研究課題
基盤研究(C)
成熟ラット・マウスの脊髄後根神経節(DRG)ニューロンやシュワン細胞の培養系を用いて、軸索再生を促進もしくは制御する諸因子の神経系における発現様式や作用機構を解析した。1.酸化型ガレクチン-1:免疫組織化学により、DRGの小径ニューロンやシュワン細胞にガレクチン-1が強く発現していることを明らかにした。またDRGニューロンの分散培養系で、ニューロンならびにシュワン細胞からガレクチン-1が分泌され、酸化型に変換された後マクロファージに結合することを明らかにした。ラット腹腔マクロファージの培養系に酸化型ガレクチン-1を投与することにより、インターロイキン6や脳由来神経栄養因子(BDNF)のmRNA発現が有意に上昇した。マクロファージを介した酸化型ガレクチン-1の軸索再生促進作用について、更に検討を進めている。2.毛様体神経栄養因子(CNTF):In situ hybridizationや免疫組織化学により、CNTFは単離されたDRGニューロンで産生され、神経突起へ輸送されることが示唆された。また培養液中に投与したリコンビナントCNTFはDRGニューロンの生存や神経突起伸長を有意に促進し、この効果はJAK阻害薬、MEK阻害薬、PI3K阻害薬の各投与により減弱もしくは消失した。
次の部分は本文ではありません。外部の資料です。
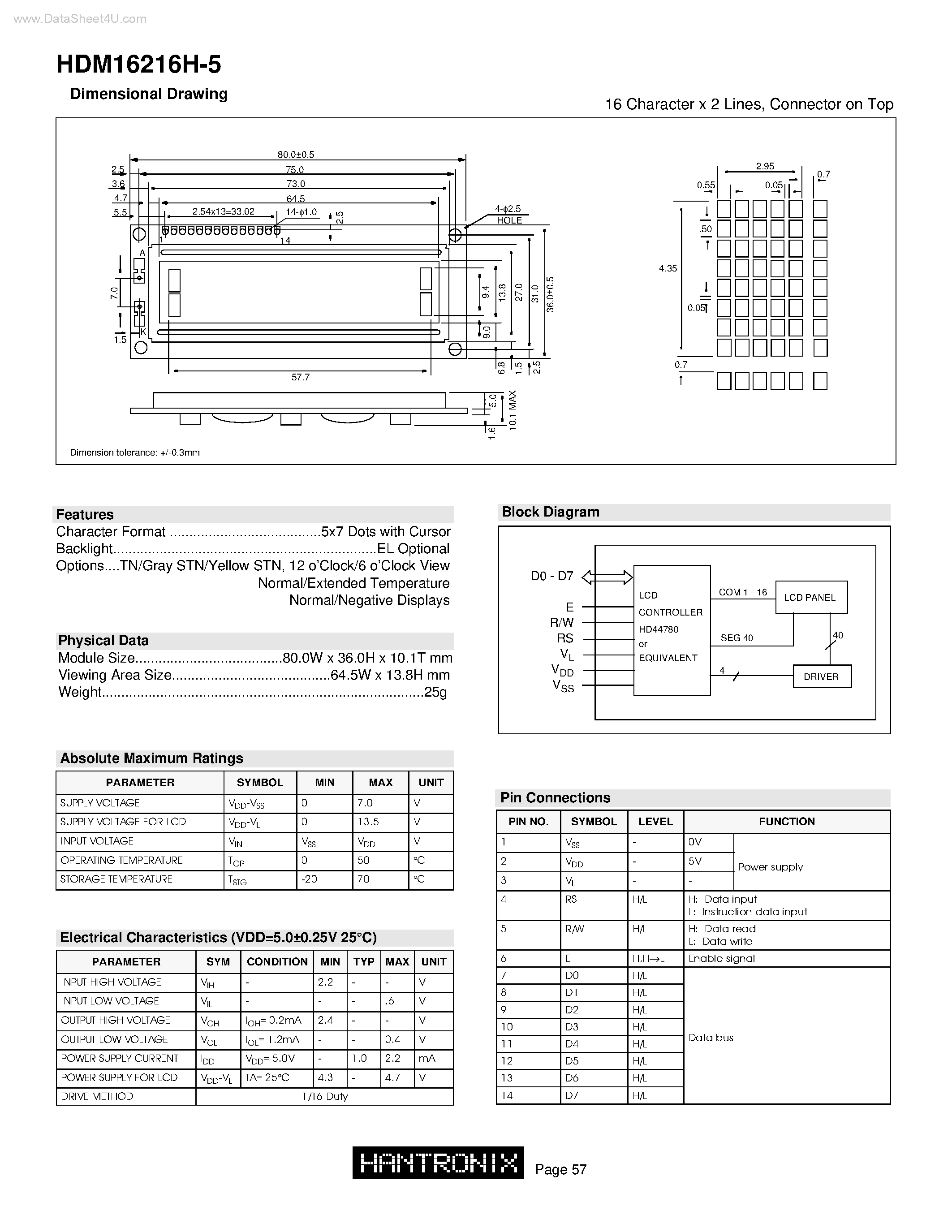 Datasheet HDM16216H-5 - 16 Character x 2 Lines page 1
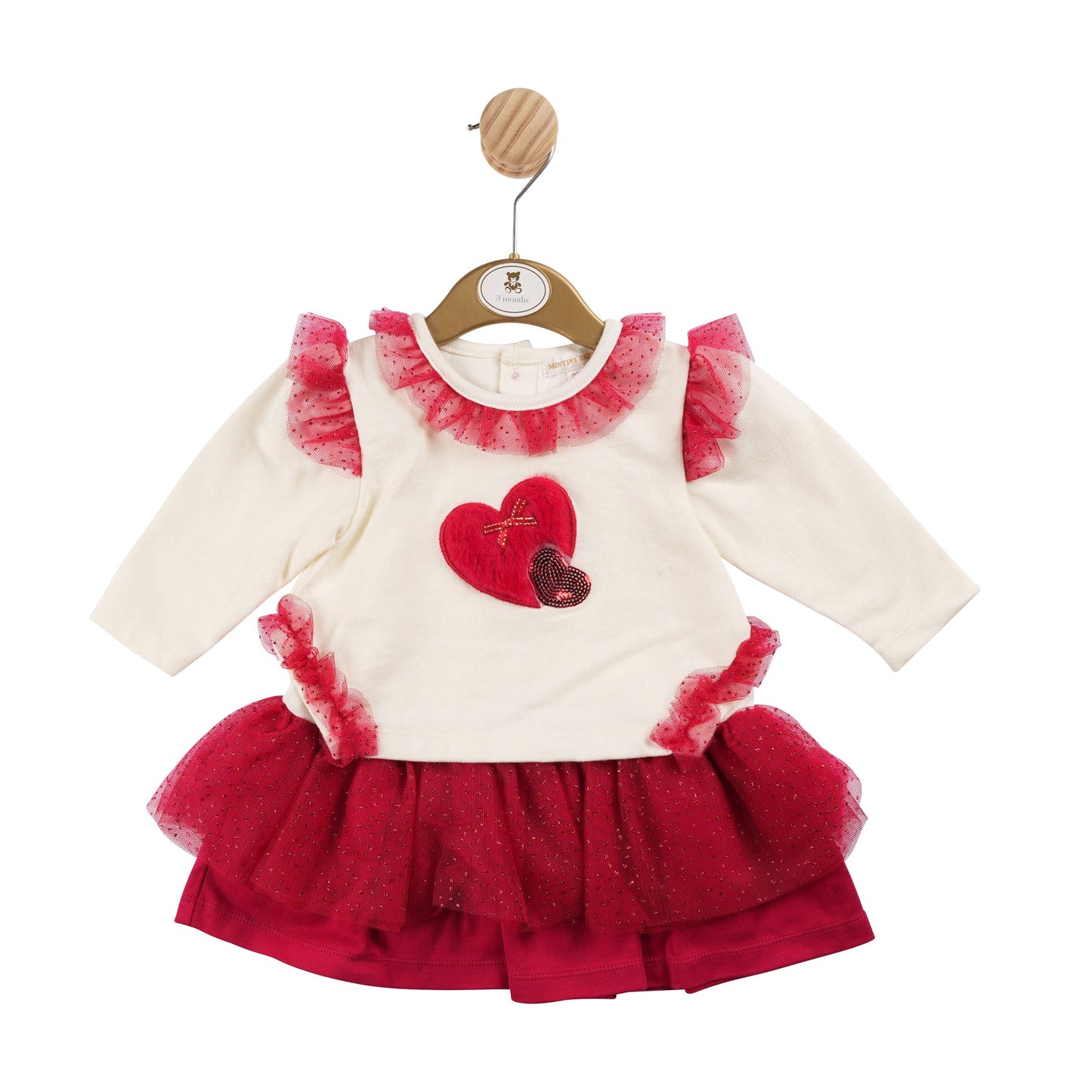 Ivory and Red Skirt Fur Heart Dress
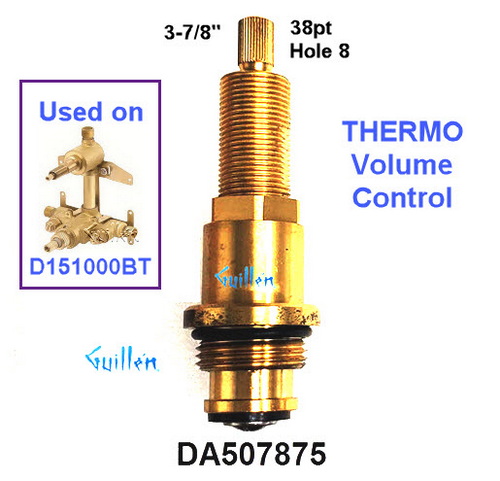 Danze DA507875;;__ 3-7/8in 38pt; Hot cwc; Piston stem cartridge used for volume control for thermostatic valve; in Unfinish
CNTFの生存維持・軸索伸長促進作用にはJAK-STAT3、MEK-MAPK、PI3K-Aktの各シグナル伝達系が関与するものと考え、更に検討を進めている。3.コンドロイチン硫酸プロテオグリカン(フォスファカン):成熟ラットDRGの分散培養系で、フォスファカンが神経突起伸長を阻害することを明らかにした。成熟ラット脳由来のフォスファカンは、胎生ならびに新生ラット脳由来のものに比べ阻害効果が強かった。その効果の差異には、加齢に伴うコンドロイチン硫酸鎖の組成変化が関係しているものと考え、更に検討を進めている。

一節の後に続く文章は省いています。